Il suo allontanamento è stato decretato dal primo ministro Essam Sharaf, nell’ambito di un rimpasto di governo per calmare i dimostranti di piazza Tahrir, che accusano i militari di aver approfittato della rivoluzione di febbraio per impadronirsi dell’Egitto.

Come riportano i media, e dai video che girano su Internet, mentre si allontanava dal ministero – dopo aver ricevuto il benservito – Hawass è stato fermato da decine di dimostranti inferociti, che hanno fermato, circondato ed assaltato l’auto su cui viaggiava. Hawass ha rischiato il linciaggio: se i manifestanti fossero riusciti a tirarlo fuori dall’abitacolo di lui sarebbe rimasta ben poca cosa.

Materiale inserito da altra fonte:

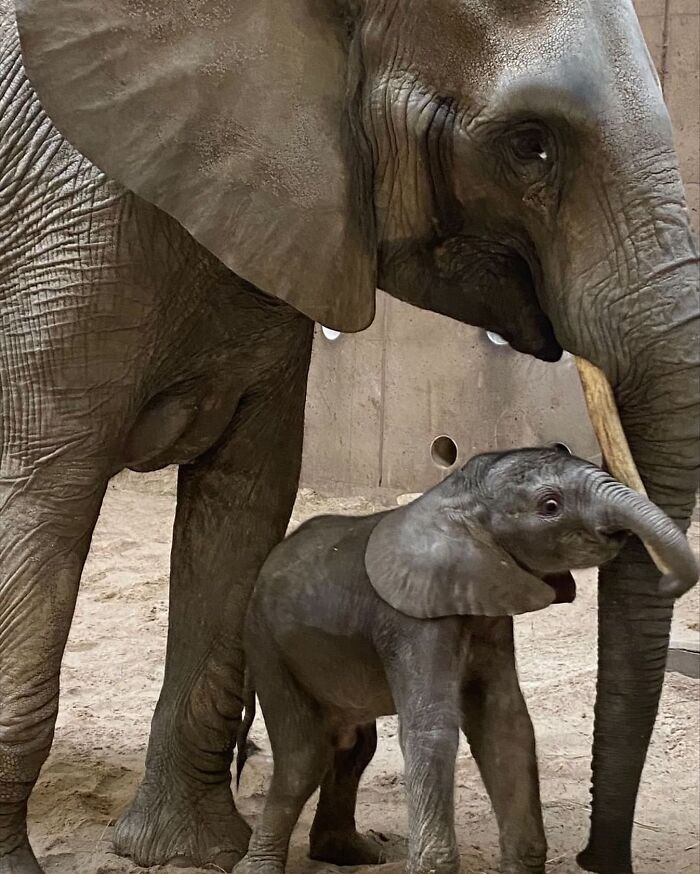 65 Adorable Baby Animals With Their Moms As Shared By ZooBorns 65 Adorable Baby Animals With Their Moms As Shared By ZooBorns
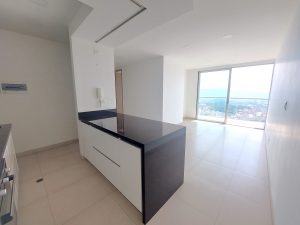 Apartamento en Arriendo Edificio Infinity (3)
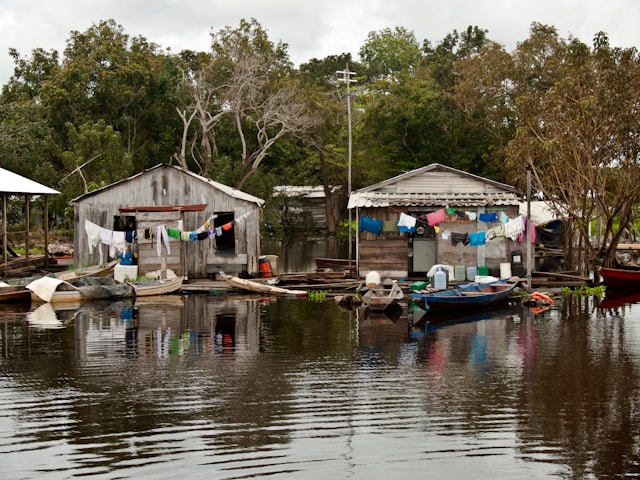 Amazonas e Brasil, uma independência ainda em construção 1 gustavo nacht ghzC bUJF1w unsplash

La speranza dei suoi colleghi, in Egitto e in Occidente, è che sia riuscito a partire negli Stati Uniti, dove ha una figlia e svariati interessi economici.
Al suo posto è stato nominato Abdel Fattah el-Banna, un restauratore di opere d’arte che ha avuto soprattutto il merito di organizzare le proteste degli archeologi contro Hawass, che per le sue conoscenze e la sua influenza era un personaggio intoccabile, almeno sino a domenica scorsa.

I dimostranti di Piazza Tahrir e molti membri del nuovo governo egiziano lo considerano un sopravvissuto del regime dell’ex presidente Hosni Moubarak. L’archeologo ne aveva preso pubblicamente la difesa quando aveva dichiarato: “Credo che i giovani di Piazza Tahrir siano manovrati da qualcuno intenzionato a sfruttarli per ottenere il potere. Hanno già ricevuto tutto dal presidente Moubarak, che ha promesso di non ricandidarsi. Perché non si siedono al tavolo del negoziato offerto loro dal governo? Il presidente è uomo di parola.”
Fonti governative insinuano che nei giorni della rivolta Hawass avesse addirittura favorito il presunto furto di opere d’arte dal Museo Egizio del Cairo e in altri siti archeologici, organizzato probabilmente in accordo con la polizia per fomentare il caos e dimostrare che l’Egitto non poteva sopravvivere senza il regime di Moubarak.